Hence, our WHY to implement ML-based models was to improve the accuracy levels and speed of forecasting while reducing the time needed to come to forecast.  

Proceeding with HOW

We took a very agile approach to ML model implementation in our company - not going all in on ML with a lot of resources. The idea was to come to prototype versions of ML models – and test if there is some real merit in using these models. The criterion of success of prototype was very simple: Can the prototype models forecast better than bottom-up process?

To come to the prototype, we formed a small team. Having engineers in finance team helped (my one direct report and I, both have engineering backgrounds), and we also sought help from tech team members on a part-time basis. Since machine learning was a new area for us all, we took self-learning classes from some of the fantastic courses available on leading online learning platforms. 

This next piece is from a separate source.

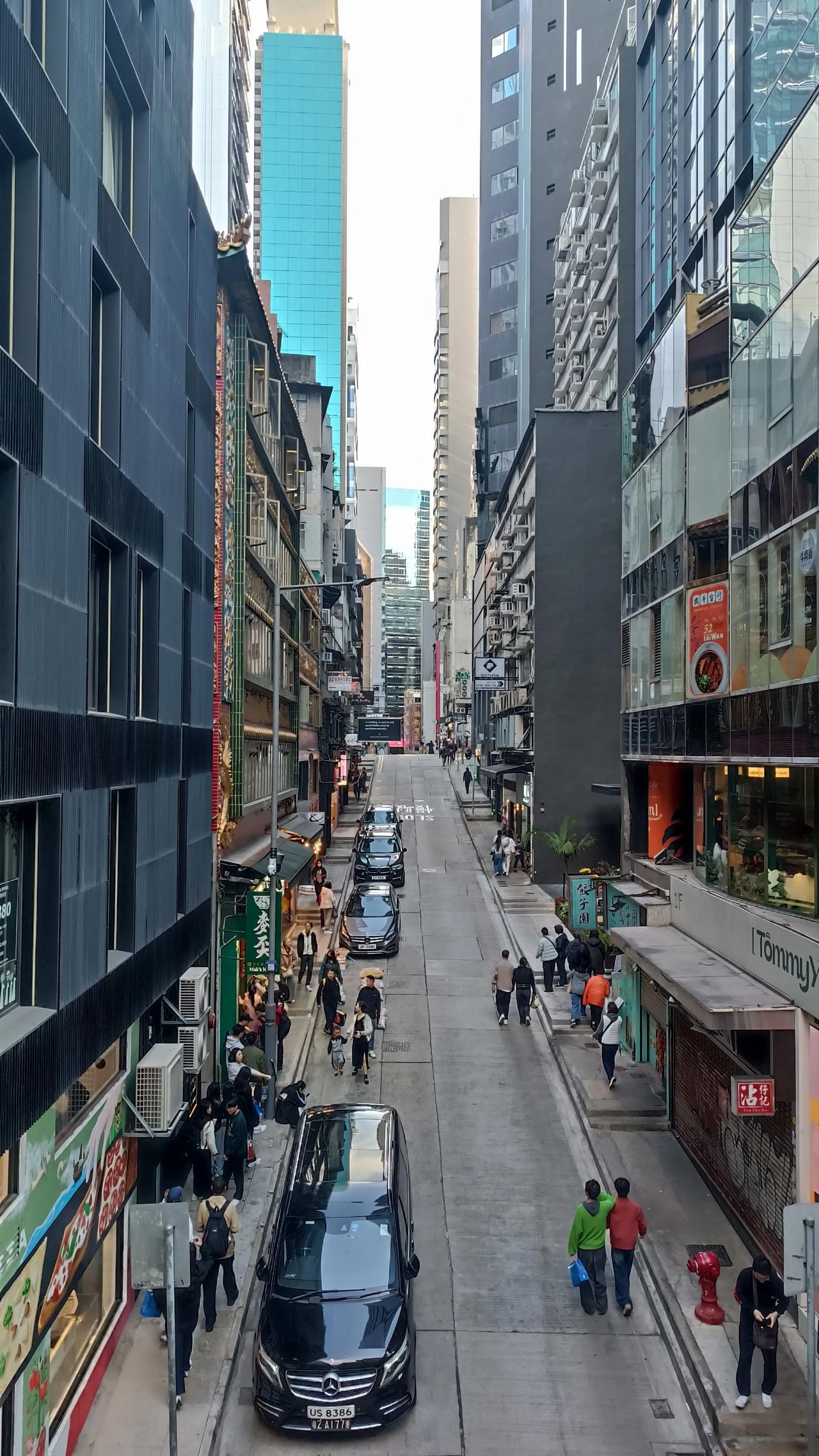 逛香港体感一：说说交通。香港的街道大多不宽阔，多数为两车道。我曾在过一个交通岗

Next step was data preparation. We had data sitting in silos – so connecting all the data sources, cleaning it, removing the outliers and then making a useable and clean data repository was a crucial step. 

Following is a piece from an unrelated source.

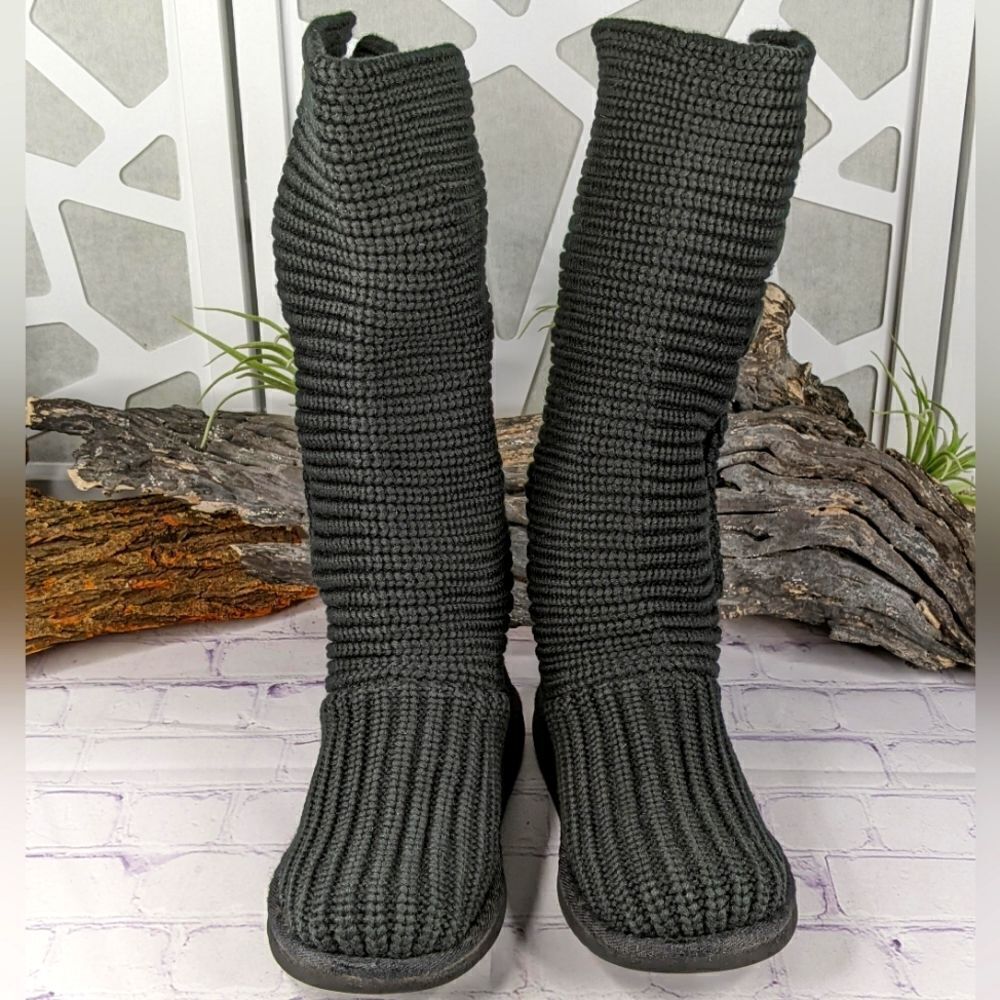 UGG Classic Cardy Boot - Picture 4 of 10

Finally, we managed to start implementing ML algorithms on the processed data sets. We divided the data into 2 sets: (i) Training data: to train the ML models, and (ii) Test data: To test the trained models on actual historical data. This helped us to increase our confidence in the predictive power of the models. 
It took us around 3 months to have a prototype version of the ML models. This timeframe really depends on the complexity of each individual companies, and the purpose of usage. 

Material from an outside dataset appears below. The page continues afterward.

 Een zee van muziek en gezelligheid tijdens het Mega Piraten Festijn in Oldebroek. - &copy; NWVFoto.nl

Figure 1: Architecture supporting ML Project for forecasting

Benefits achieved in the first 3 months

In our case, using ML models for forecasting really lived up to the expectations and promise. We used these models to forecast revenue, gross margin and EBITDA. Utilizing these models also provided several benefits across accuracy, speed and flexibility:

  1. Accuracy: The forecast variance versus actuals using ML models was down to less than 2% even in case of difficult to forecast markets where we earlier had a variance of 5-10%. With our high growth rates, this is a substantial improvement
  2. Speed: Complete bottom-up forecasting took us in some cases almost a week. Now using the trained ML models, we can perform robust forecasting in a day 
  3. Flexibility: Using ML algorithms enabled us to: (i) test number of drivers relatively quickly, and (ii) helped in process of driver discovery – or finding new drivers which we were unaware of. We can also quickly consider and test more drivers – both internal and external. This improves the understanding of business and sometimes helps give early warning signs


Our initial foray into using ML capabilities for forecasting has been successful. ML models are data hungry, so we have continued to enrich our models and are still testing them to get better accuracy levels. We will also be creating new models for products which were not in scope for the prototype version. 

Our experience with implementing ML models for forecasting has encouraged us to also look at other processes within the finance function where ML can be used to full advantage.